Based on a candy bar format for ease of final assembly, the design also relies on an internal antenna, eliminating the more-traditional whip antenna of CDMA designs. An assisted global-positioning system for E911 compliance is offered in the design, albeit with a much more traditional approach than Qualcomm's hybrid terrestrial/satellite gpsOne location technology. Two components from TI are used to implement the global-positioning system, splitting duties between a GPS baseband device (F75190) and a GPS receiver (TRF5101). Only an external temperature-controlled crystal oscillator, a pair of filters and supporting discretes are needed to combine with the two chips for location awareness.

Radios based on CDMA are trickier to design than GSM systems, and component complexity in the 6225 RF section reflects this fact. Because cdma2000 is a frequency-division multiple-access protocol requiring simultaneous activity in transmit and receive, higher radio component count is seen on several fronts.

To deal with uplink/downlink isolation, separate chips from ST implement Rx/Tx processor functions. Similarly, separate surface-acoustic-wave frequency duplexers are responsible for splitting the transmit and receive portions for each of the two operating bands of the 6225 design.

Following the ST transmit processor are a pair of transmit drivers from RF Micro Devices (RF2356 and RF2357), which feed RFMD PA modules. Characteristic of many CDMA designs, the 6225 also uses a pair of RF isolators to absorb any radio backwash resulting from antenna mismatches.

Back on the receive end, a front-end, low-noise amplifier/mixer from TriQuint Semiconductor (ACO520) is responsible for boosting incoming signals and providing first-stage downconversion before handoff to the ST receive processor.

But perhaps the biggest story lies in the baseband processor, where protocol signal processing takes place. Based on other Nokia handset teardowns performed by Portelligent, we find that the baseband processor in the 6225 (V835/4375019) has been seen in other GSM designs from Nokia. Sharp-eyed readers might also notice the "UPP" marking on the baseband package, which we speculate stands for Universal Protocol Processor.
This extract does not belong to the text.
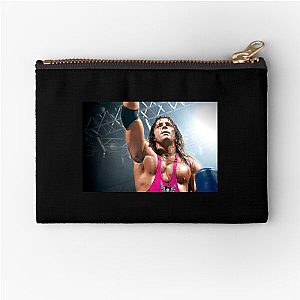 Sharpshooter Master Bret Hart Bret Hart Zipper Pouches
We've recently discussed a somewhat hobbled dual-mode telephone based on Qualcomm's MSM6300 platform (www.eet.com and search Article ID: 159400942), but this dual-mode baseband platform is not a point on the data sheets.

TI and ST originally set out to field merchant market alternatives that would combat Qualcomm's CDMA juggernaut. Although their widely publicized effort has met with only modest success to date, the ability of TI (and presumably Nokia) to find baseband common ground between CDMA and GSM is intriguing. Despite challenges, the software-defined radio is getting closer by the day.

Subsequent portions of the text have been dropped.